After locating "Valentine's Day Heart" in the listing below, copy that line and each one after it exactly, ending with the line that has "Full Size Nail".

[DATA SUPPLIED — start]

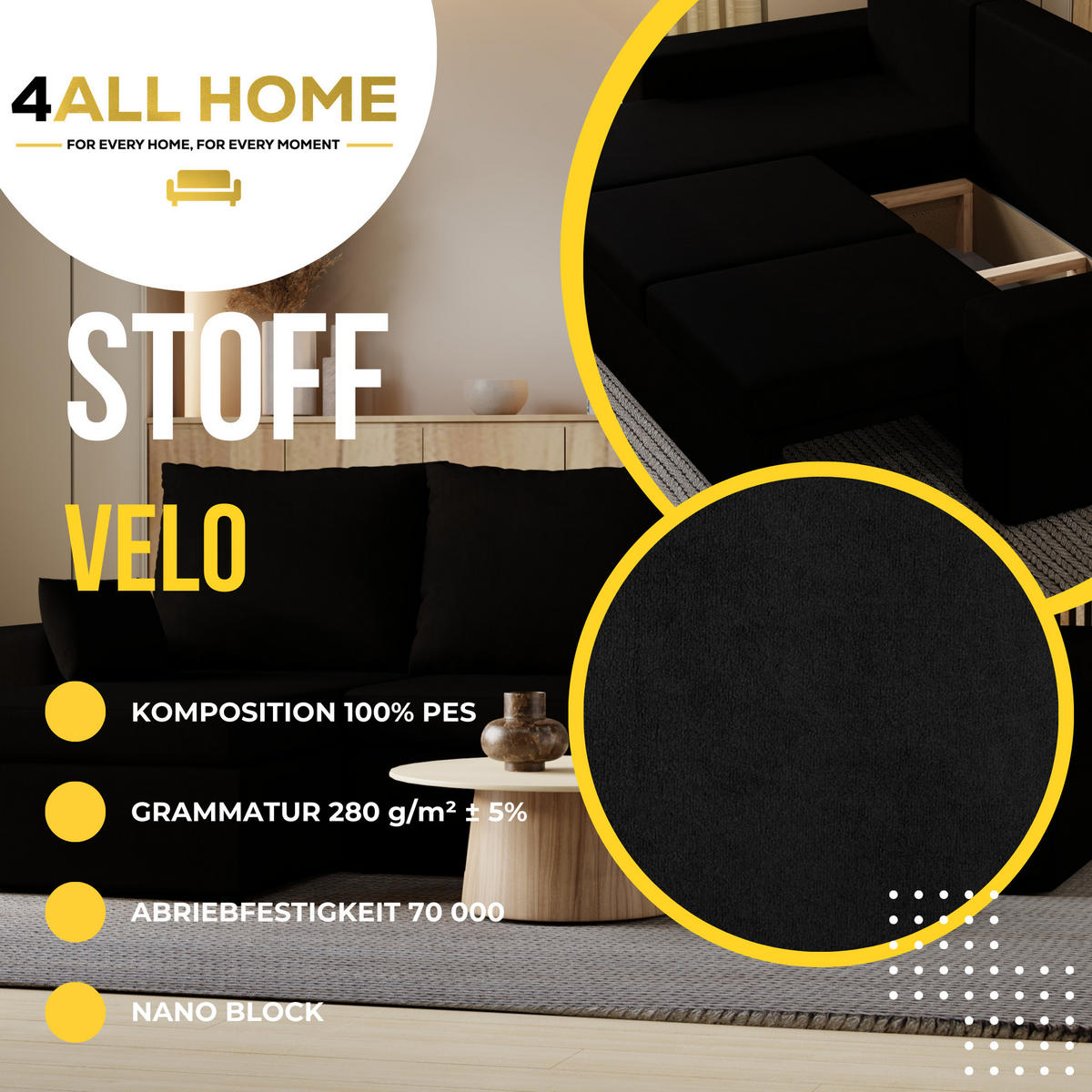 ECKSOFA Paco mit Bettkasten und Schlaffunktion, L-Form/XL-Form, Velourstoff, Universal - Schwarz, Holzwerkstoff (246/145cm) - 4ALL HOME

[DATA SUPPLIED — finish]
[DATA SUPPLIED — start]

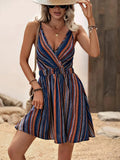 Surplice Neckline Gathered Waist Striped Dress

[DATA SUPPLIED — finish]
[DATA SUPPLIED — start]

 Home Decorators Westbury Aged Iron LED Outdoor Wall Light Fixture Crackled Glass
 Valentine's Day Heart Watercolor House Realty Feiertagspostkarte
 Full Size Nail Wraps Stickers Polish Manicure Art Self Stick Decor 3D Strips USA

[DATA SUPPLIED — finish]

RESPONSE TO THIS TASK:
 Valentine's Day Heart Watercolor House Realty Feiertagspostkarte
 Full Size Nail Wraps Stickers Polish Manicure Art Self Stick Decor 3D Strips USA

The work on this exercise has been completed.